*EXERCISE DESCRIPTION*
Taking the data below, please print only the lines from the line holding "In this section, you'll" to the line holding "This is the", inclusive, with pictures omitted.

*DATA TO PROCESS*
-=-=-=-=-

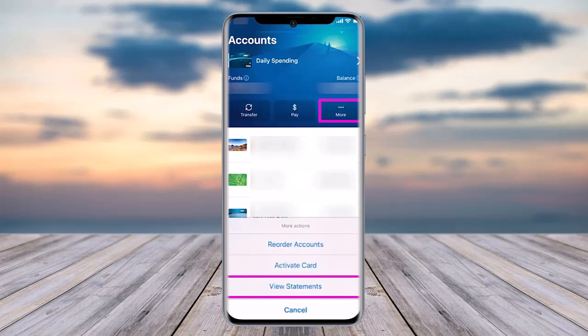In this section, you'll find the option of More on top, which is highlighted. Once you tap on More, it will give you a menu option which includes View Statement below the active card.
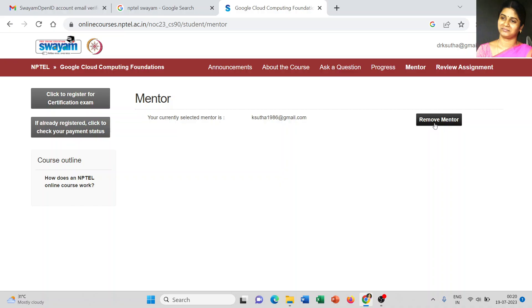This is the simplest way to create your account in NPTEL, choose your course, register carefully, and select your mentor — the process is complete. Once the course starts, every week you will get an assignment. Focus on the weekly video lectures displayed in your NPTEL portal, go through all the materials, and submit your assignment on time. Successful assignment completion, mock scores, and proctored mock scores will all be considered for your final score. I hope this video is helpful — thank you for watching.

-=-=-=-=-

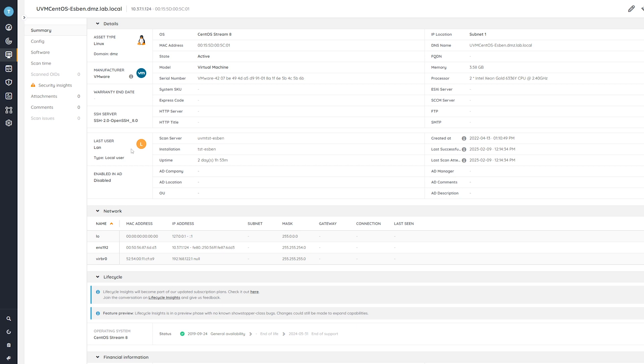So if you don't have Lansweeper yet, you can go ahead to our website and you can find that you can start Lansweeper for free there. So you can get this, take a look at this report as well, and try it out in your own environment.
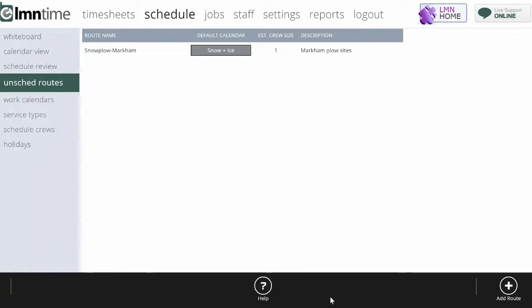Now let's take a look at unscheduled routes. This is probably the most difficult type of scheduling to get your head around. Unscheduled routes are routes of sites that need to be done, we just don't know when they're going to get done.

-=-=-=-=-

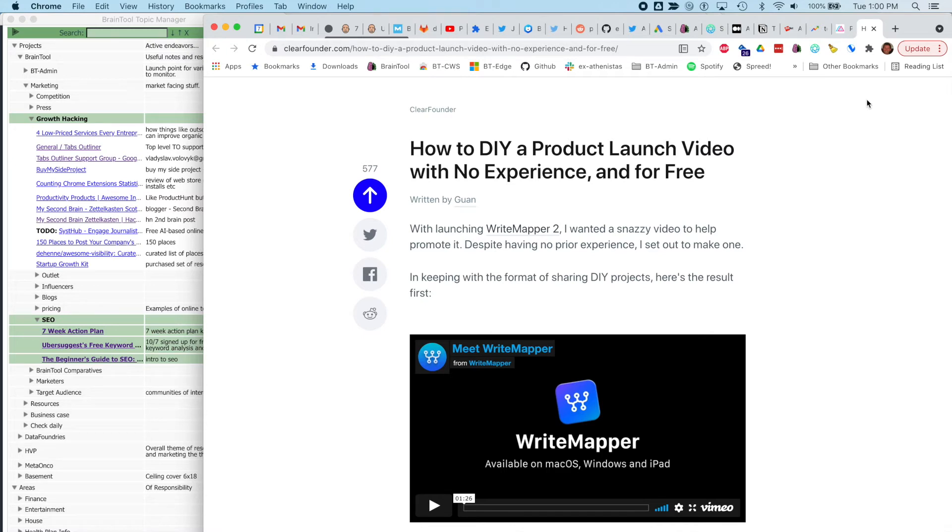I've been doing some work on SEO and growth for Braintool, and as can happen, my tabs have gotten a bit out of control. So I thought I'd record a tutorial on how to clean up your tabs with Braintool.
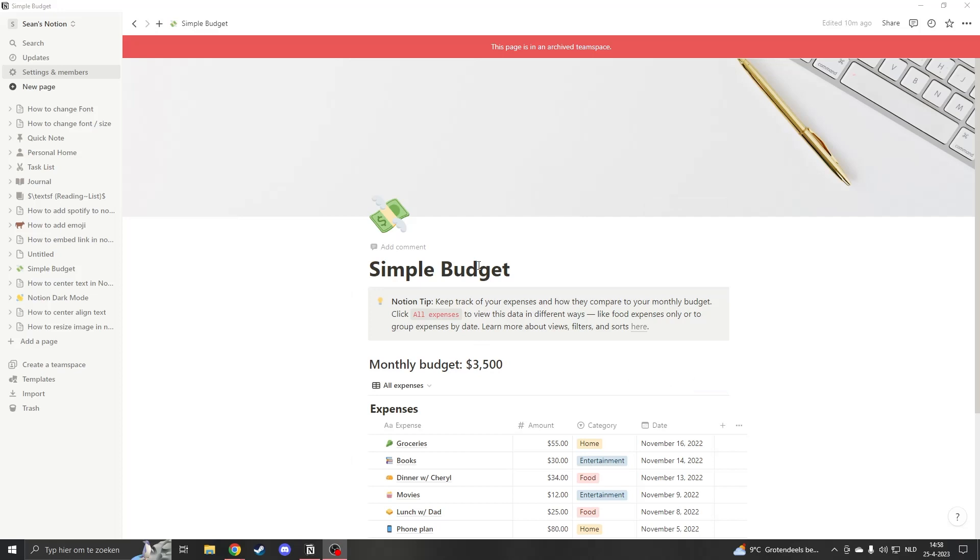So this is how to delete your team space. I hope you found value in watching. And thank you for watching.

-=-=-=-=-

*OUTPUT*
In this section, you'll find the option of More on top, which is highlighted. Once you tap on More, it will give you a menu option which includes View Statement below the active card.
This is the simplest way to create your account in NPTEL, choose your course, register carefully, and select your mentor — the process is complete. Once the course starts, every week you will get an assignment. Focus on the weekly video lectures displayed in your NPTEL portal, go through all the materials, and submit your assignment on time. Successful assignment completion, mock scores, and proctored mock scores will all be considered for your final score. I hope this video is helpful — thank you for watching.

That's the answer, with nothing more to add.